I have still some problem finding reliable information of what they
exactly did to Turing. But it was obviously not a kind treatment.
"In order to understand how someone could have come up with that
plan, you have to remember that before computers came along, the
steam engine was a preferred metaphor for understanding human
nature. All that sexual pressure was building up and causing the
machine to malfunction, so the opposite essence, the female kind,
ought to balance it out and reduce the pressure. This story should
serve as a cautionary tale. The common use of computers, as we
understand them today, as sources for models and metaphors of
ourselves is probably about as reliable as the use of the steam
engine was back then."
I think that we are steam engine. It is not a metaphor. We are also
Universal Turing Machine. Being a steam engine is just a matter of
implementation, and of working in a thermodynamically driven
environment. Being universal is a deeper feature of our existence.
We might be more than that, but we still cannot even define what that
would mean, precisely. We don't find any evidence for the needed
special sort of infinities making our mind non Turing emulable locally.
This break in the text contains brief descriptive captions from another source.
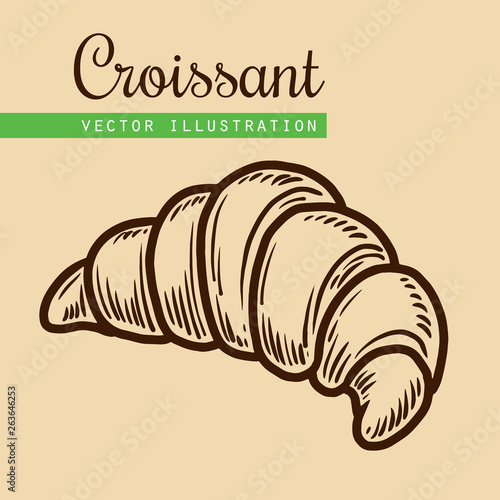 croissant on beige background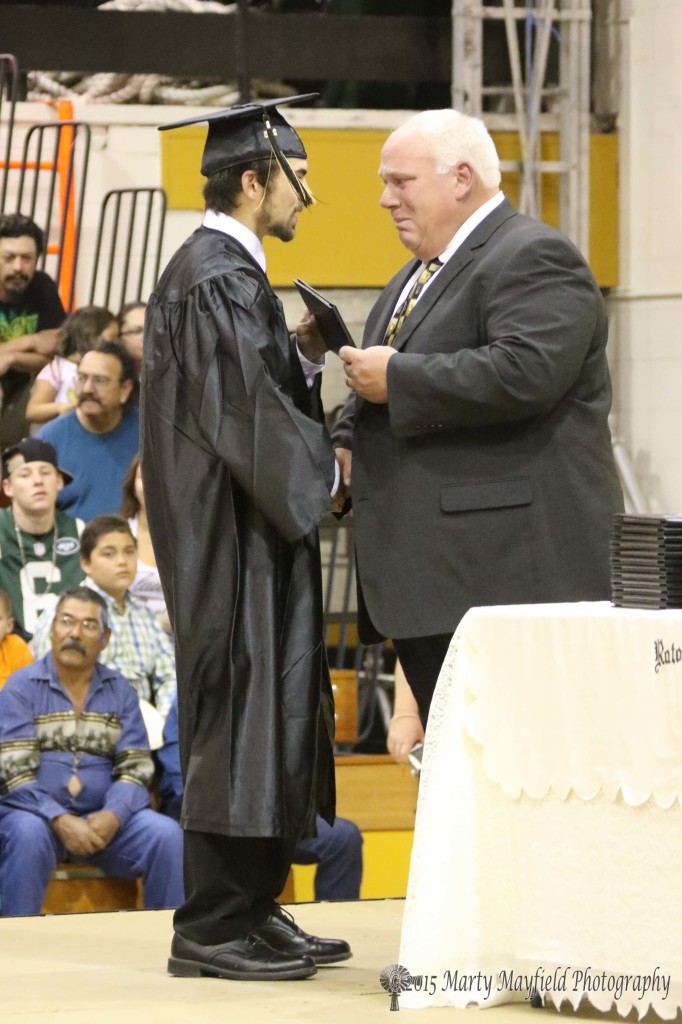 RHS Principal Duncan Ware presented his eldest Connell Ware his diploma Friday evening. 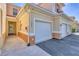 Up close view of a townhome exterior with an attached garage and convenient walkway to the front door at 240 W End Dr # 312, Punta Gorda, FL 33950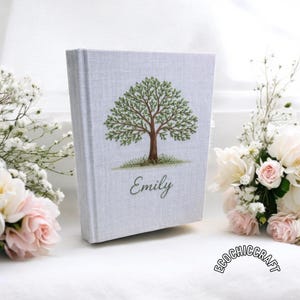 以下が含まれることがあります： 刺繍された木の模様が施された、明るい灰色のハードカバーの日記。木には緑の葉と茶色の幹があり、下に「Emily」という名前が刺繍されています。日記は白とピンクの花に囲まれています。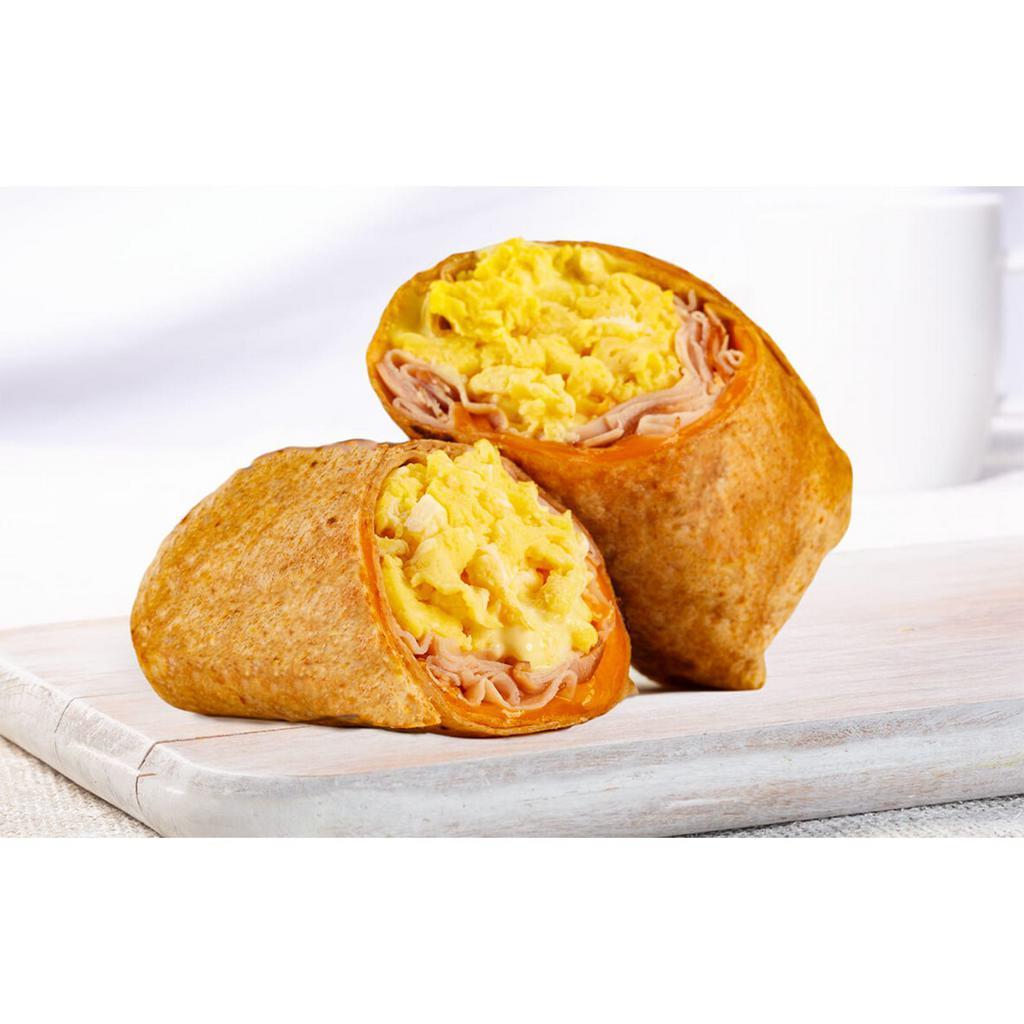 Breakfast Burrito · Ham, double eggs, cheddar and breakfast sauce in a whole wheat wrap.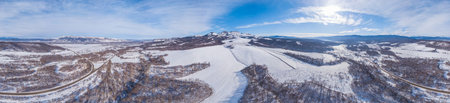 Great aerial mountain panoramic view of the snowy massive rock i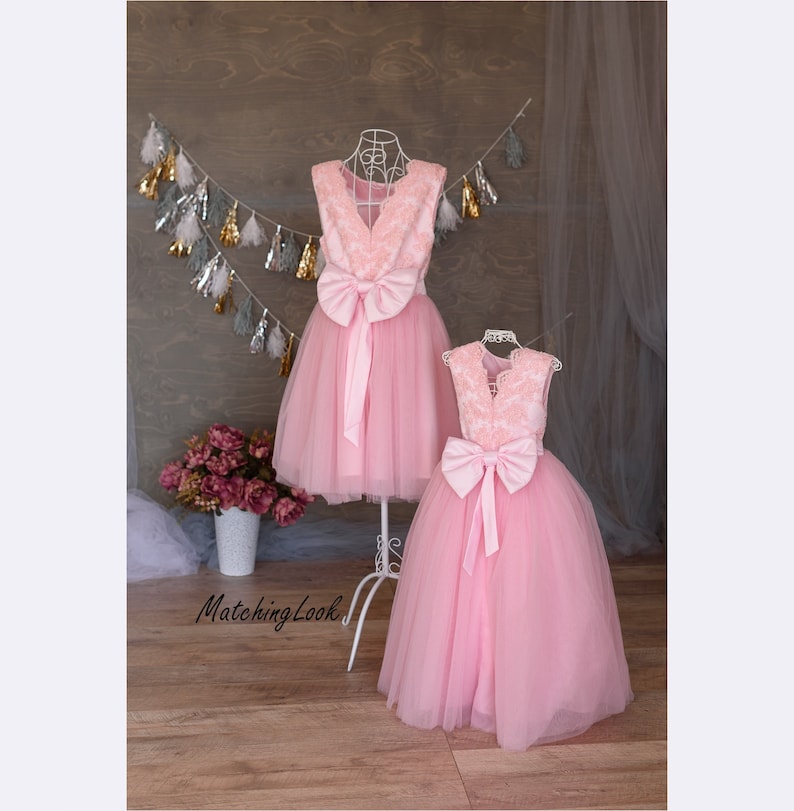 Puede incluir: Dos vestidos de tul rosa con corpi&ntilde;os de encaje y lazos de sat&eacute;n. El vestido de la izquierda es m&aacute;s corto que el vestido de la derecha.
"Turing developed breasts and other female characteristics and
became terribly depressed. He committed suicide by lacing an apple
with cyanide in his lab and eating it. Shortly before his death, he
presented the world with a spiritual idea, which must be evaluated
separately from his technical achievements. This is the famous
Turing test. It is extremely rare for a genuinely new spiritual idea
to appear, and it is yet another example of Turing"s genius that he
came up with one."
I love Turing. But Jaron seems to exaggerate a bit. My reading of it
is that it is just a non zombie assumption, and that's nice FAPP. But
it is still a naturalist escape of the mind-body problem on the
conceptual level. I am not astonished, I have met all my life a frank
animosity by variate scientists even just on the word "mind". It takes
time for humans to get a scientific attitude on that. Turing's paper
is a progress in that direction, but the Turing test is far from being
a last answer in the debate, even if it is the last answer in practice.
Emil Post did see the shadow of the reversal physics/theology, and the
failure of naturalism, but in a footnote to his "mystical"
anticipation paper/notes (that you can find in Davis' The Undecidable)
he told us that he changed his mind on this after discussing with
Turing, which defended naturalism.
"Turing presented his new offering in the form of a thought
experiment, based on a popular Victorian parlor game. A man and a
woman hide, and a judge is asked to determine which is which by
relying only on the texts of notes passed back and forth."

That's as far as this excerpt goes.